A través de sus redes sociales, denunciaron estar siendo víctimas de extorsión por parte del Cártel Jalisco Nueva Generación (CJNG), quienes les han puesto un ultimátum aterrador: pagar una «cuota» de 50,000 pesos mensuales o comenzarán a matar a los 2,590 animales que rescatan y protegen.
Pero la historia dio un giro aún más siniestro. Cuando los responsables del refugio buscaron ayuda de las autoridades locales, aseguran haber sido traicionados. Acusan directamente a elementos de la policía de no solo ignorar su petición de auxilio, sino de robarles el dinero y las donaciones destinadas a alimentar a los animales, dejándolos en una situación de vulnerabilidad total.
El Ultimátum: «Pagan la cuota o los animales mueren»
La pesadilla para Pergatuzoo comenzó con la exigencia de «cobro de piso», una práctica de extorsión común de los cárteles en México. Según relatan los afectados, las amenazas fueron escalando hasta llegar a la exigencia de 50,000 pesos mensuales. El mensaje era explícito: la vida de cada perro, gato y demás criaturas rescatadas dependía del pago.
«Miembros del albergue han sido amenazados de muerte, además de familiares de los mismos, debido a la presión de estos sujetos por cobrar extorsiones», denunció la organización, dejando claro que el riesgo es tanto para los animales como para los humanos que los cuidan.
Un Grito de Auxilio y una Traición Inconcebible
En medio del pánico, los encargados del albergue hicieron lo que cualquier ciudadano haría: buscar protección en la policía. Sin embargo, lo que describen a continuación es una demoledora acusación de complicidad y corrupción estatal. Tras una persecución y amenazas directas del cártel, pidieron apoyo a las autoridades. La respuesta, según su testimonio, fue una traición.
«En vez de regresar lo sustraído (donaciones), los agentes retuvieron al denunciante y nunca devolvieron las donaciones incautadas», explicaron los responsables del albergue. Esta acción no solo los dejó sin protección, sino que los despojó de los recursos vitales para mantener con vida a los animales.
«Se robaron nuestra comida. El dinero de la paja. No llega ayuda ni comida, no tenemos comida. Haremos un panteón virtual, una marcha, una protesta, alzaremos la voz.» -.
De Víctimas a Activistas: La Marcha sobre la Ciudad de México
Abandonados por quienes debían protegerlos y acorralados por uno de los cárteles más peligrosos del país, los miembros de Pergatuzoo y la comunidad de defensores de animales han decidido pasar a la acción. Han convocado a una marcha de protesta en la Ciudad de México para este martes 15 de julio.
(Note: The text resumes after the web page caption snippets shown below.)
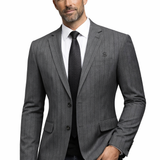 Cucan 10 - Men’s Suits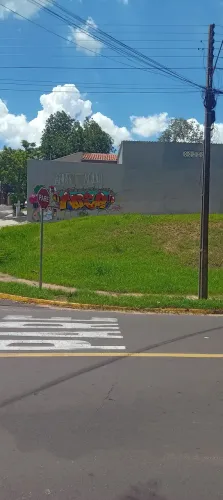 Espaço disponível para publicidade.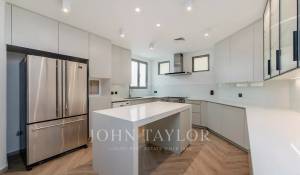 Venta Villa Palm Jumeirah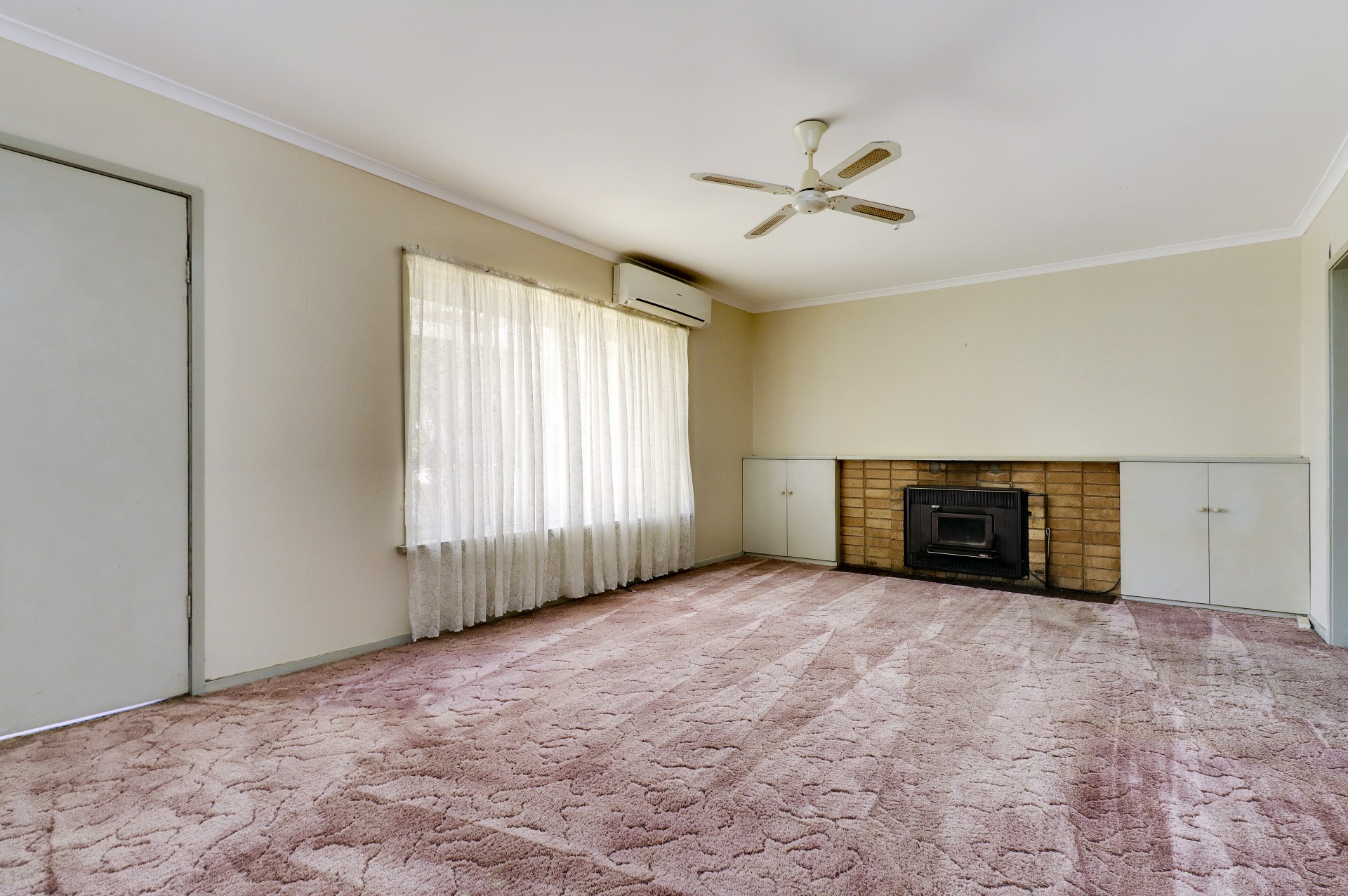 469 Poictiers Street, Deniliquin > Big River Real Estate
La movilización tiene un recorrido simbólico y contundente: partirá a las 12:00 horas de la Secretaría de Seguridad Ciudadana (SSC), en la colonia Juárez, para dirigirse a la Fiscalía General de Justicia de la Ciudad de México (FGJCDMX), en la colonia Doctores. El mensaje es claro: exigen justicia y señalan la presunta corrupción dentro de las fuerzas del orden como parte fundamental del problema.
Un Santuario Bajo Asedio: Las 2,590 Vidas en Juego
El albergue Pergatuzoo no es un simple refugio; es el hogar de 2,590 animales de diversas especies, muchos de ellos rescatados de situaciones de maltrato y abandono. Cada uno de ellos requiere cuidados, alimentación y atención médica que ahora están en grave riesgo. La extorsión del CJNG y la presunta rapiña de los policías no solo es un ataque contra una organización, es una sentencia de muerte potencial para miles de seres vivos.
El caso ha trascendido las fronteras del Estado de México, convirtiéndose en un símbolo nacional de la lucha ciudadana contra un sistema que parece fallarles en todos los frentes. La pregunta que flota en el aire es si la presión social será suficiente para salvar a Pergatuzoo.